[Data supplied — start]

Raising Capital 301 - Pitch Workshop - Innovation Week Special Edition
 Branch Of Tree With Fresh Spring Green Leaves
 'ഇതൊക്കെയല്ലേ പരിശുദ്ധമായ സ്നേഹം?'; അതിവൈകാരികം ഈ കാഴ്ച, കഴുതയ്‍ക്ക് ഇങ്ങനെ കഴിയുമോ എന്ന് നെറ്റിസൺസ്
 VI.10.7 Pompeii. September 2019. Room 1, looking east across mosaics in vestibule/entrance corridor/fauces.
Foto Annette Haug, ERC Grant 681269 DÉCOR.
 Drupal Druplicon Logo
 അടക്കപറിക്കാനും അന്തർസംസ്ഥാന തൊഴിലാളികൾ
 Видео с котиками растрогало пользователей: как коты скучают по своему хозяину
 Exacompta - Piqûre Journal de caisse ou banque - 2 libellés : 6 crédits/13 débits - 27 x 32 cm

[Data supplied — finish]

▶ _Assigned task_
Take the entries above and transcribe them exactly.

▶ _Solution below_
Raising Capital 301 - Pitch Workshop - Innovation Week Special Edition
 Branch Of Tree With Fresh Spring Green Leaves
 'ഇതൊക്കെയല്ലേ പരിശുദ്ധമായ സ്നേഹം?'; അതിവൈകാരികം ഈ കാഴ്ച, കഴുതയ്‍ക്ക് ഇങ്ങനെ കഴിയുമോ എന്ന് നെറ്റിസൺസ്
 VI.10.7 Pompeii. September 2019. Room 1, looking east across mosaics in vestibule/entrance corridor/fauces.
Foto Annette Haug, ERC Grant 681269 DÉCOR.
 Drupal Druplicon Logo
 അടക്കപറിക്കാനും അന്തർസംസ്ഥാന തൊഴിലാളികൾ
 Видео с котиками растрогало пользователей: как коты скучают по своему хозяину
 Exacompta - Piqûre Journal de caisse ou banque - 2 libellés : 6 crédits/13 débits - 27 x 32 cm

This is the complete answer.